--- What is being asked ---
Although the entries hold pictures, only their words are printed back, exactly as given.

--- Dataset entries ---
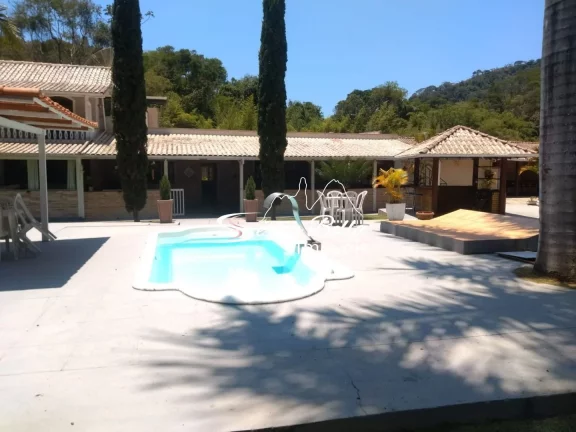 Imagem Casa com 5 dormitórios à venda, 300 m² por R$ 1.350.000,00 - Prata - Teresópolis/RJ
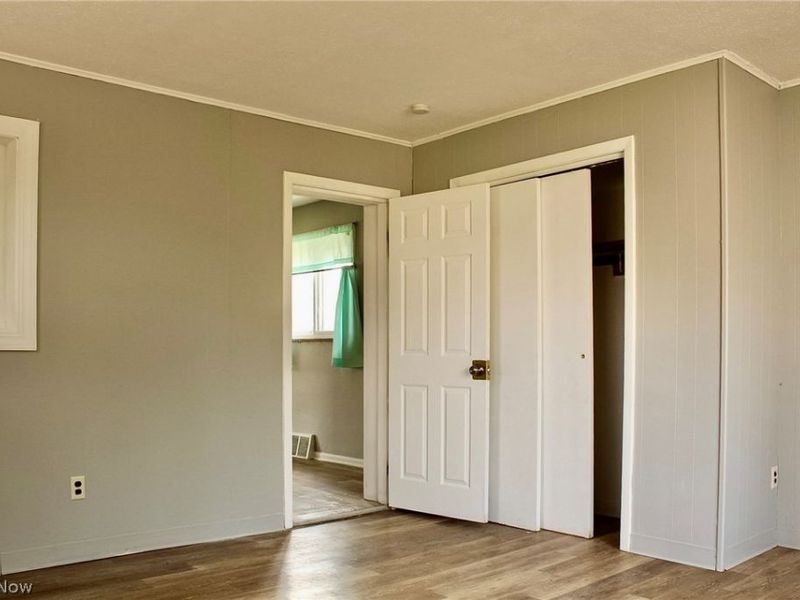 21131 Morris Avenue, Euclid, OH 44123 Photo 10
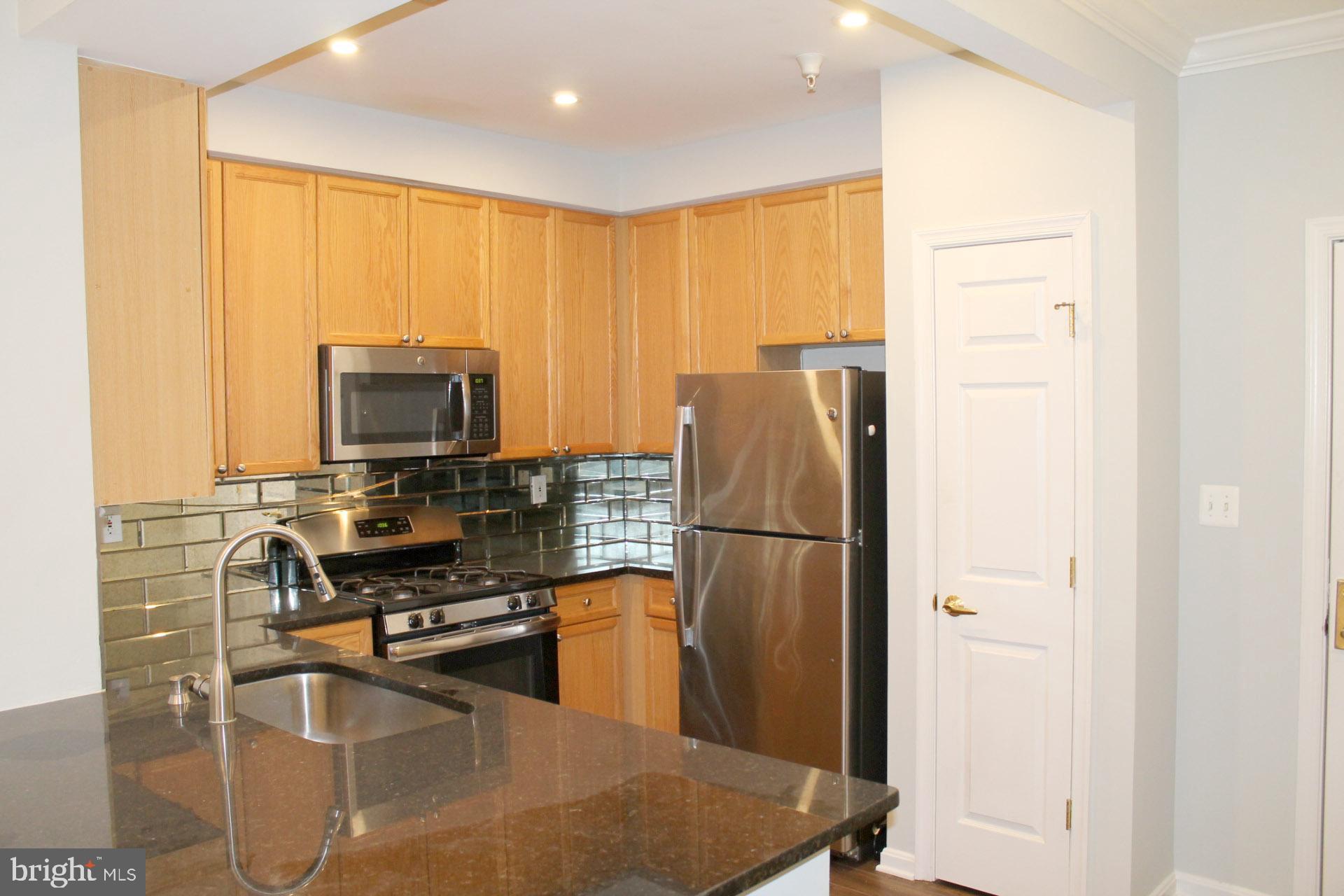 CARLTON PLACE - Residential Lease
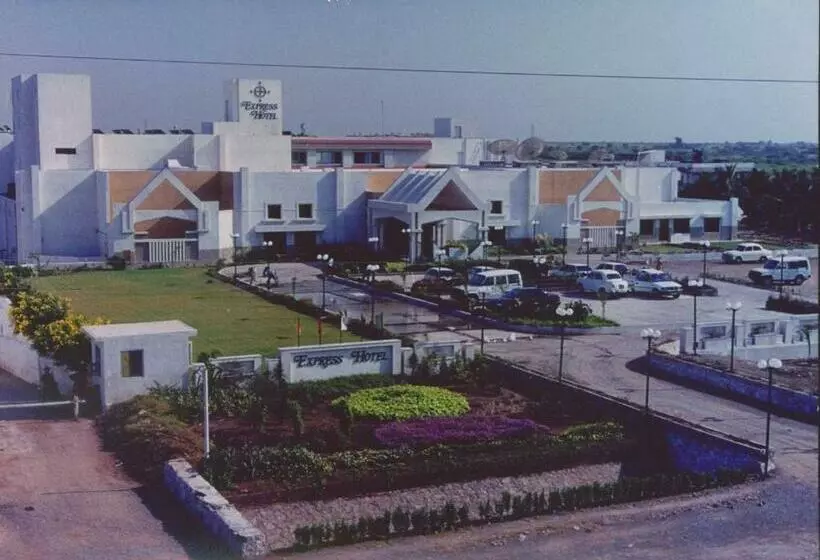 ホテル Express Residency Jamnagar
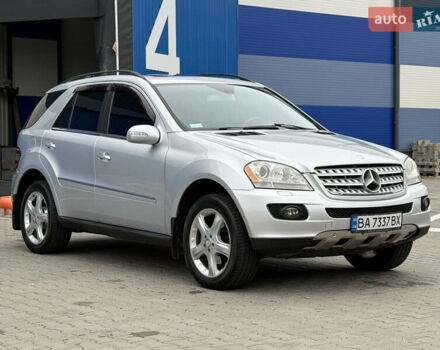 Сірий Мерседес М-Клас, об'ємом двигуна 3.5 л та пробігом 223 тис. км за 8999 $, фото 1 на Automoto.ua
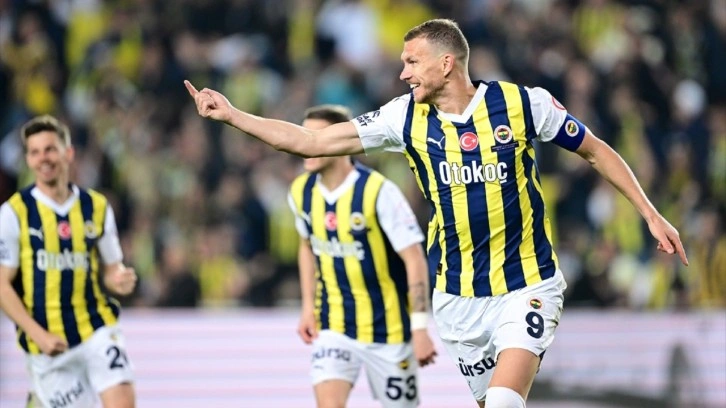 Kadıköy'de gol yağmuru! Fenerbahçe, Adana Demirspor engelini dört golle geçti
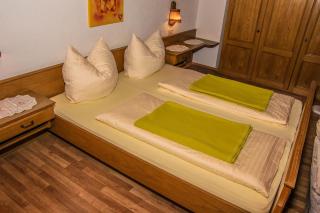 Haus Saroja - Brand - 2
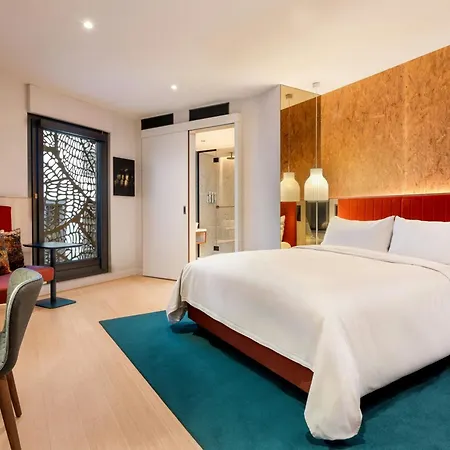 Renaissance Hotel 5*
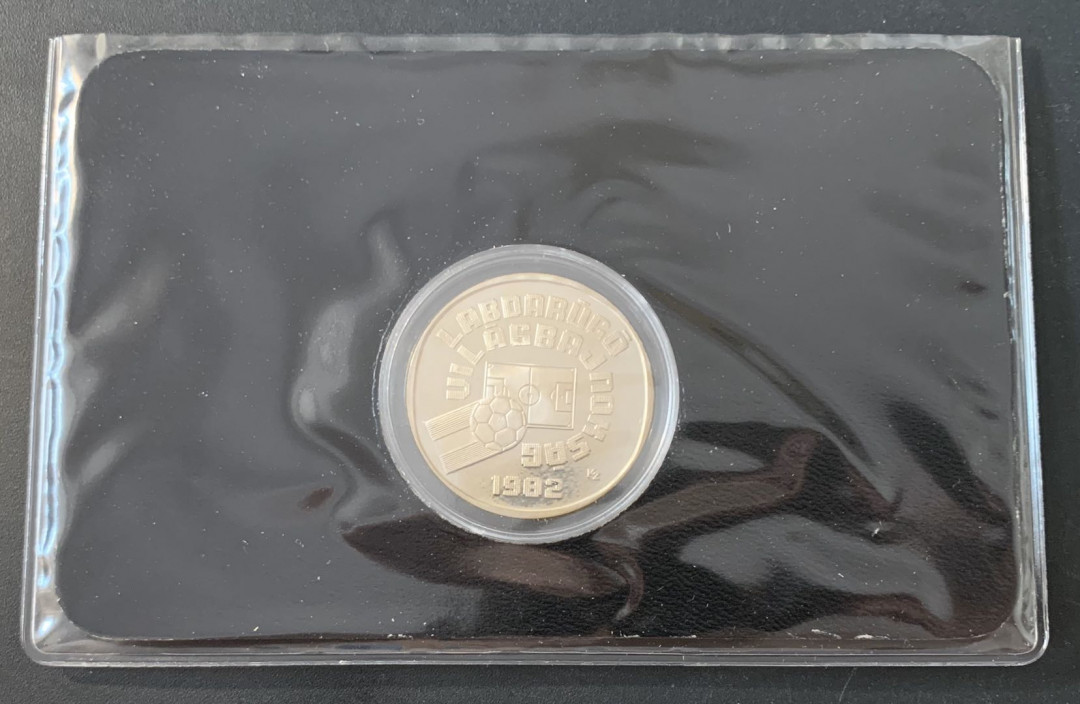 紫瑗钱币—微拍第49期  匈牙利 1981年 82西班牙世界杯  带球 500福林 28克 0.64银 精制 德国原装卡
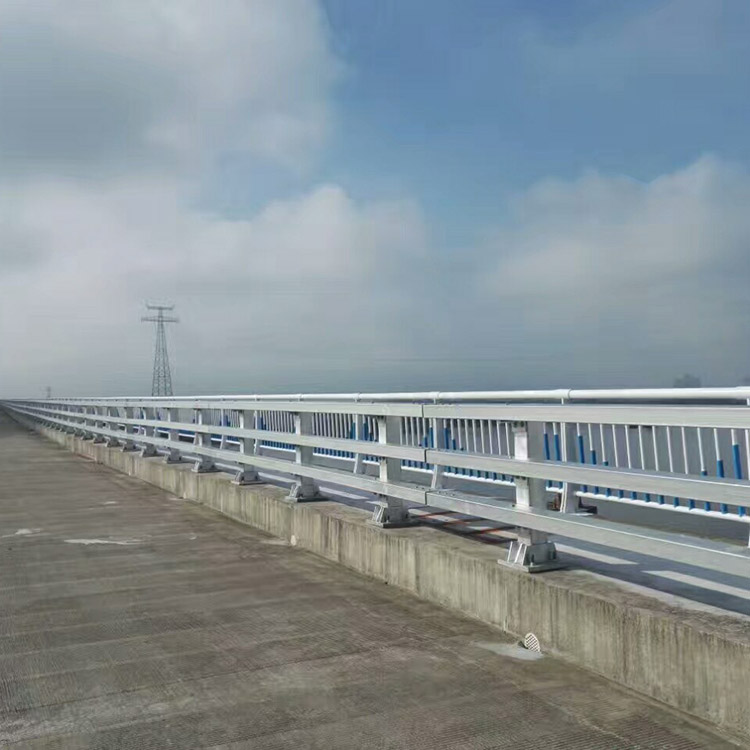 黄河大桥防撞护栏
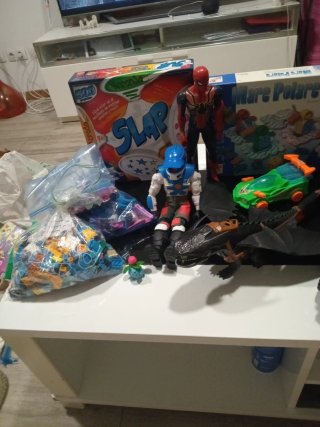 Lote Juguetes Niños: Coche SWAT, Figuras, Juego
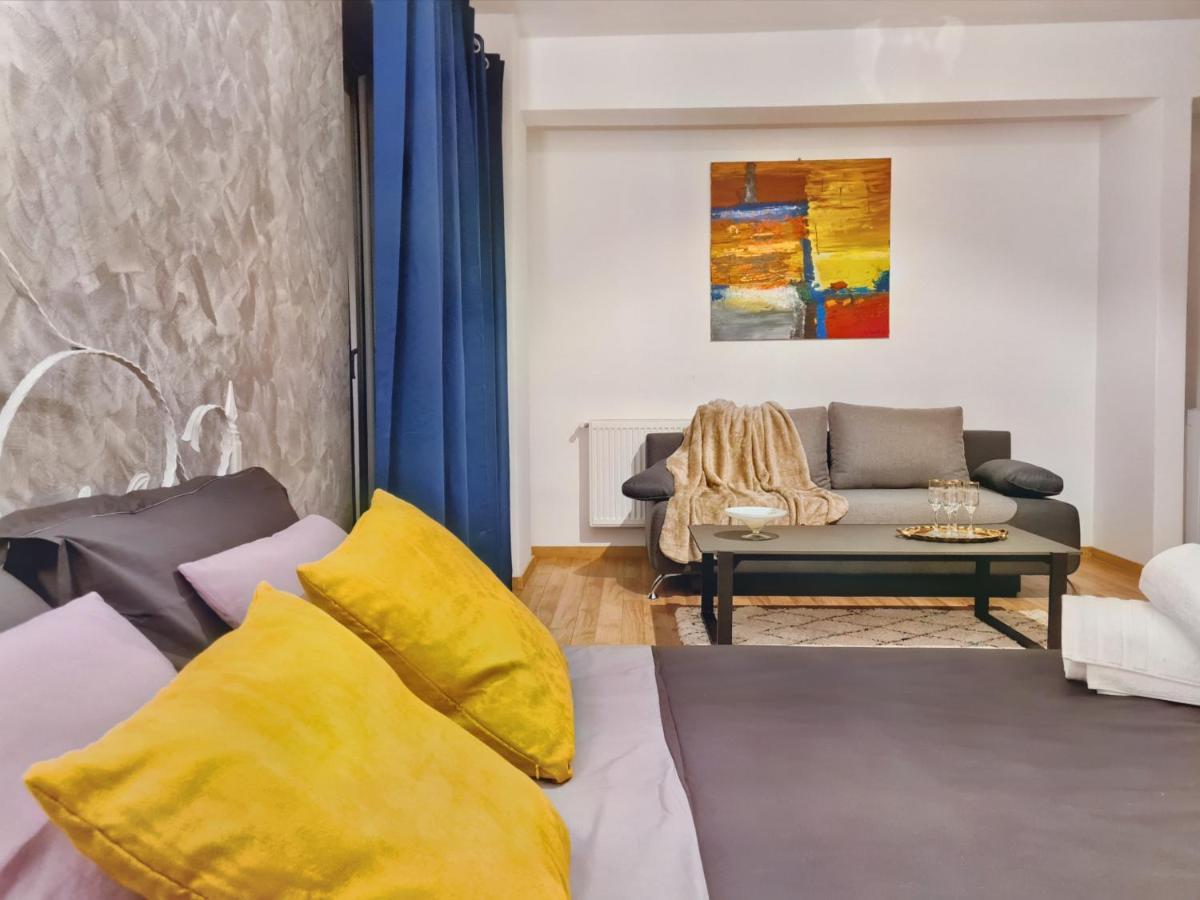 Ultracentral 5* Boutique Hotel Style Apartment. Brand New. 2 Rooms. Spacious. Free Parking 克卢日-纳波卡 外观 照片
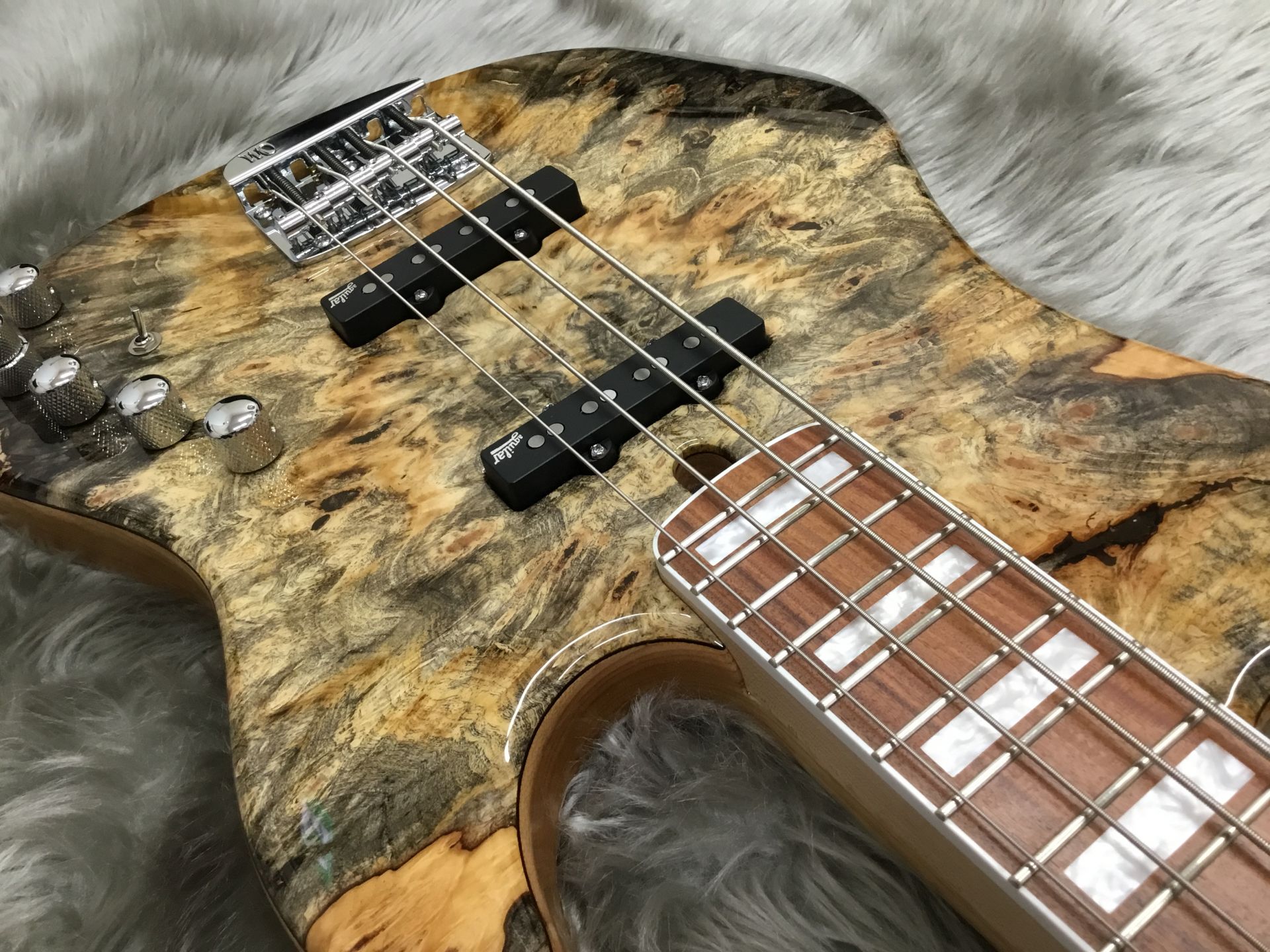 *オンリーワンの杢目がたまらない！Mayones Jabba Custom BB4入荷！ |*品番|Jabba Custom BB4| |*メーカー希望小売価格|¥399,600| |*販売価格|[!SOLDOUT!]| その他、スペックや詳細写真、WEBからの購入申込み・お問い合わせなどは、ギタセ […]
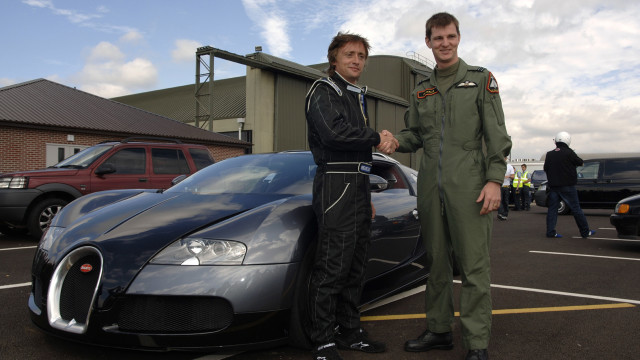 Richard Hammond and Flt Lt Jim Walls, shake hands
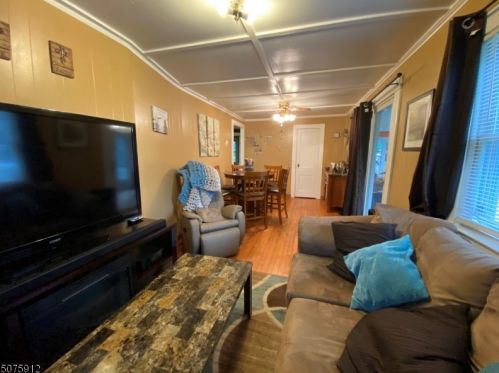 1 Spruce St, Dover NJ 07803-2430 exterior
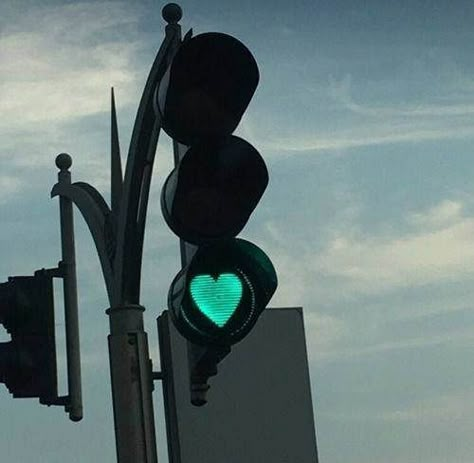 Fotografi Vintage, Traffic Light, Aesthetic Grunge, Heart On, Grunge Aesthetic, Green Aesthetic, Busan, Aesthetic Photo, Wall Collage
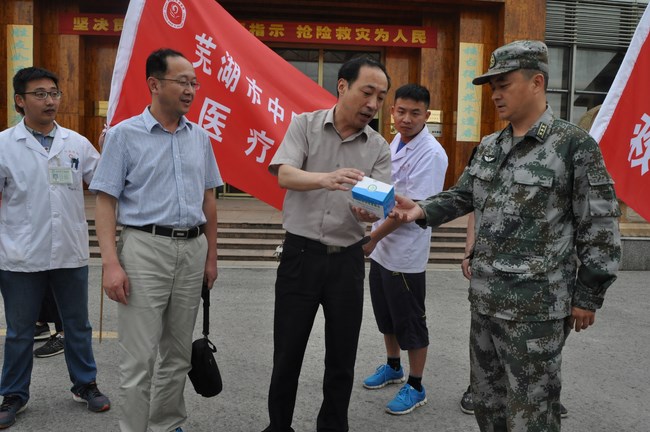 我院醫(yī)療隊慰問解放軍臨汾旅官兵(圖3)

--- Expected output ---
 Imagem Casa com 5 dormitórios à venda, 300 m² por R$ 1.350.000,00 - Prata - Teresópolis/RJ
 21131 Morris Avenue, Euclid, OH 44123 Photo 10
 CARLTON PLACE - Residential Lease
 ホテル Express Residency Jamnagar
 Сірий Мерседес М-Клас, об'ємом двигуна 3.5 л та пробігом 223 тис. км за 8999 $, фото 1 на Automoto.ua
 Kadıköy'de gol yağmuru! Fenerbahçe, Adana Demirspor engelini dört golle geçti
 Haus Saroja - Brand - 2
 Renaissance Hotel 5*
 紫瑗钱币—微拍第49期  匈牙利 1981年 82西班牙世界杯  带球 500福林 28克 0.64银 精制 德国原装卡
 黄河大桥防撞护栏
 Lote Juguetes Niños: Coche SWAT, Figuras, Juego
 Ultracentral 5* Boutique Hotel Style Apartment. Brand New. 2 Rooms. Spacious. Free Parking 克卢日-纳波卡 外观 照片
 *オンリーワンの杢目がたまらない！Mayones Jabba Custom BB4入荷！ |*品番|Jabba Custom BB4| |*メーカー希望小売価格|¥399,600| |*販売価格|[!SOLDOUT!]| その他、スペックや詳細写真、WEBからの購入申込み・お問い合わせなどは、ギタセ […]
 Richard Hammond and Flt Lt Jim Walls, shake hands
 1 Spruce St, Dover NJ 07803-2430 exterior
 Fotografi Vintage, Traffic Light, Aesthetic Grunge, Heart On, Grunge Aesthetic, Green Aesthetic, Busan, Aesthetic Photo, Wall Collage
 我院醫(yī)療隊慰問解放軍臨汾旅官兵(圖3)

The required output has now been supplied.